Yes, I've been working with 250 or 300bp reads, I see why -f 0.5 wouldn't be appropriate for 150bp reads. I think 0.1 might still be a bit too lenient for 150bp reads. The artic amplicons overlap by 30-60bp, even after primer trimming, so most reads will meet a 10% overlap threshold for the neighboring amplicon region. A 150bp miseq trimmed down to 100bp will have a 25% overlap with a 400bp amplicon region, so it seems like a threshold between 0.1 and 0.25 would be ideal (0.15 or 0.2). Adding functionality to allow the user to override the default setting certainly addresses the issue though.

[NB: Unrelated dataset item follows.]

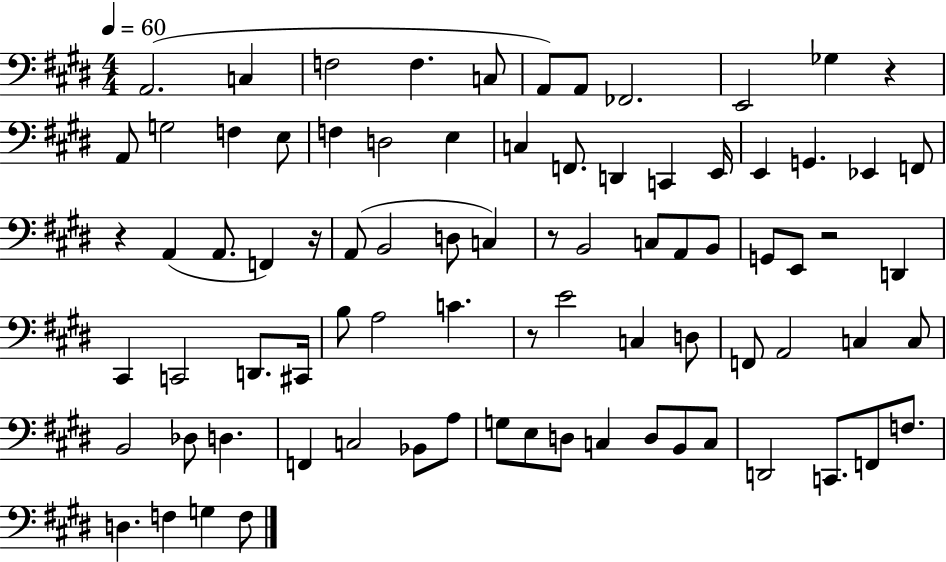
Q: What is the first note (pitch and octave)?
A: A2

erinyoung commented 3 years ago

Here at UPHL, we also do covidseq runs that have reads that are ~50 bp after being trimmed. Due to your reasoning, the default of -f 0.1 is likely good enough.

There are many kits that are used to create amplicon based Illumina reads. Plus, there are also amplicon schemes, even for SARS-CoV-2, that use much larger amplicon sizes. I don't think it's possible to create a default that is 100% performative for every situation without putting a lot of effort into this. I could 1) look at the amplicon sizes, 2) look at the read size after primer trimming and go from there, but if I'm going to put that much effort into it, I should probably ensure that the start and end of each read are within their amplicon as well (which isn't completely unreasonable, because artic already has something like this in their pipeline). Then I should package that up into a little tool that would work independently of this workflow, write a paper, and get it out to the community. Unfortunately, I don't have time to put that into practice, and the rough estimate given by bedtools multicov is good enough for my purposes.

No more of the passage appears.